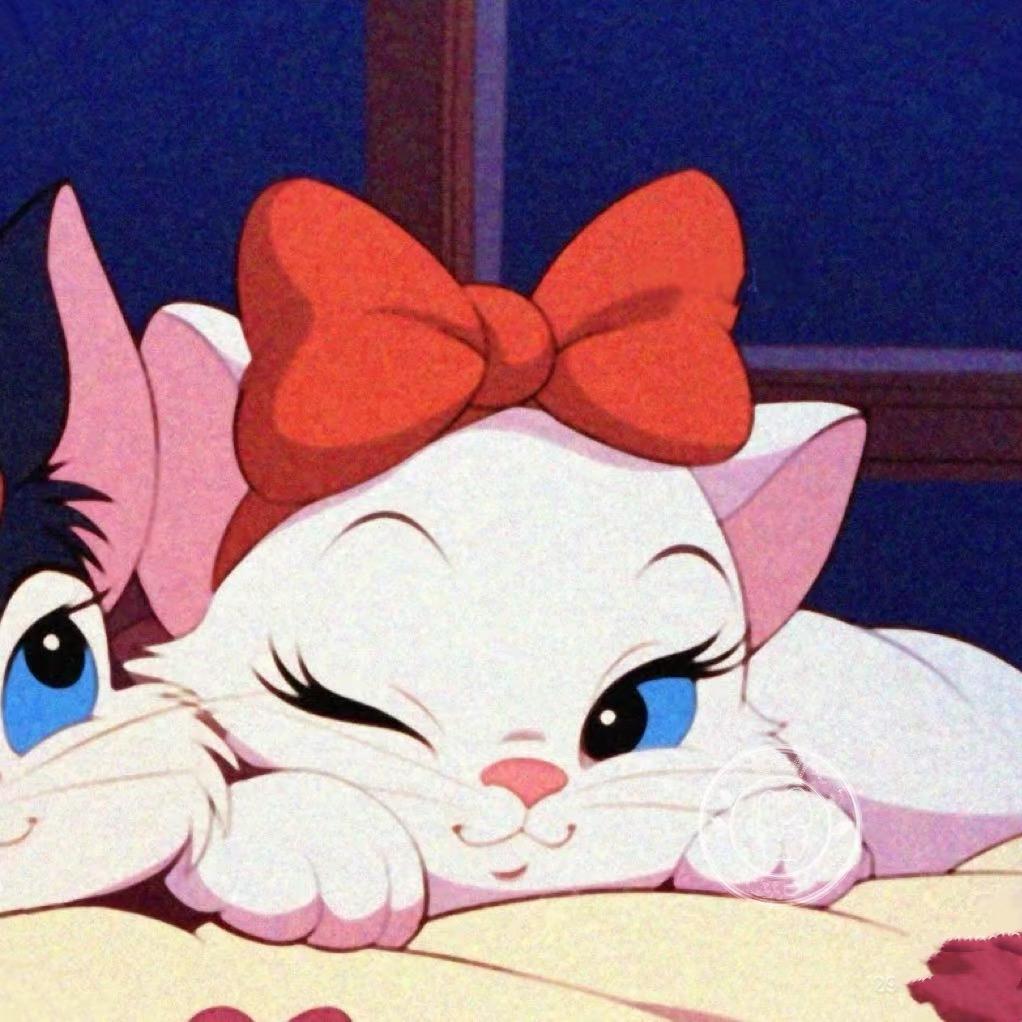 钢铁赵 🧸ྀི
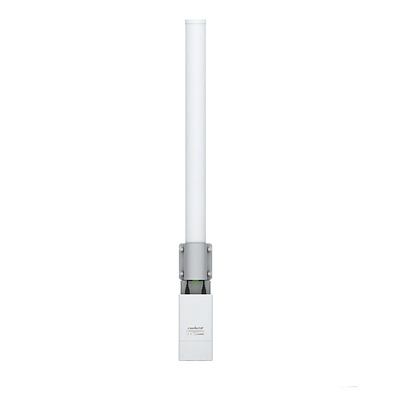 Ubiquiti Amo2g10 FREE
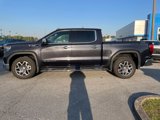 Certified 2023 GMC Sierra 1500 SLT w/ SLT Premium Package image 4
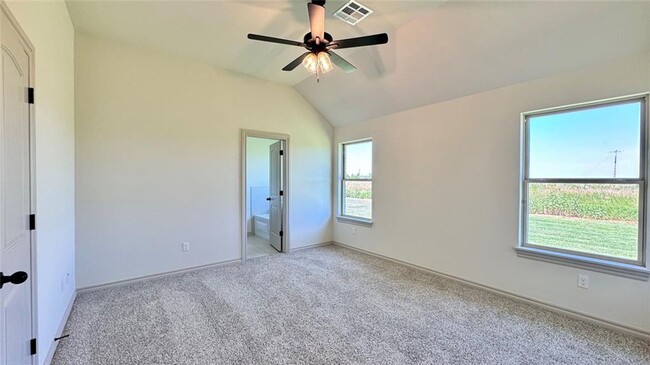 Building Photo - Brand New Construction in Savannah Estates!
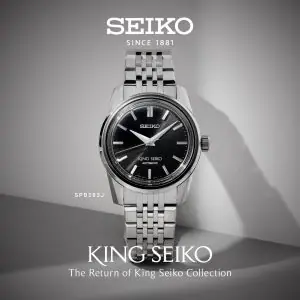 The-Return-of-King-Seiko-Collection-SPB283J-1040x1040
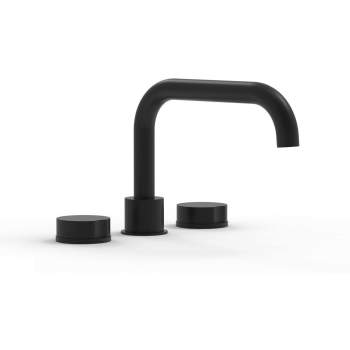 Phylrich tub faucets image-20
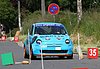 VASAF  Slalom  DomMartin 20230009.JPG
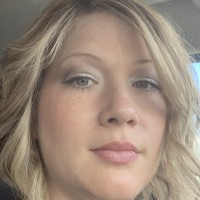 Stacey Morgan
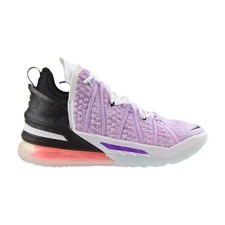 CQ9283-900 Nike LeBron 18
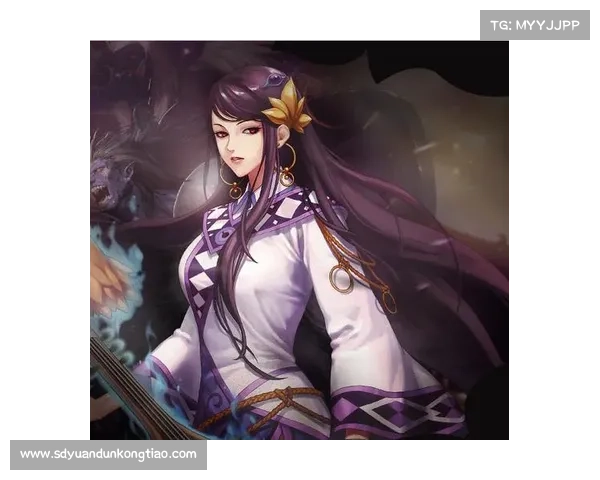 DNF爱丽丝觉悟4任务全面攻略与技巧解析助你轻松通关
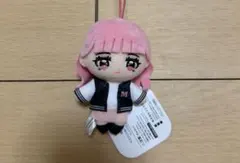 2026年最新】山本すずの人気アイテム - メルカリ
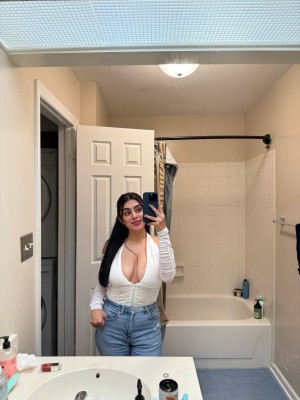 Mikasavader Photo #15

======

Quote exactly, and nothing besides, the lines from the one with "Ubiquiti Amo2g10 FREE" through the end of the records above; include both ends and omit the pictures.

 Ubiquiti Amo2g10 FREE
 Certified 2023 GMC Sierra 1500 SLT w/ SLT Premium Package image 4
 Building Photo - Brand New Construction in Savannah Estates!
 The-Return-of-King-Seiko-Collection-SPB283J-1040x1040
 Phylrich tub faucets image-20
 VASAF  Slalom  DomMartin 20230009.JPG
 Stacey Morgan
 CQ9283-900 Nike LeBron 18
 DNF爱丽丝觉悟4任务全面攻略与技巧解析助你轻松通关
 2026年最新】山本すずの人気アイテム - メルカリ
 Mikasavader Photo #15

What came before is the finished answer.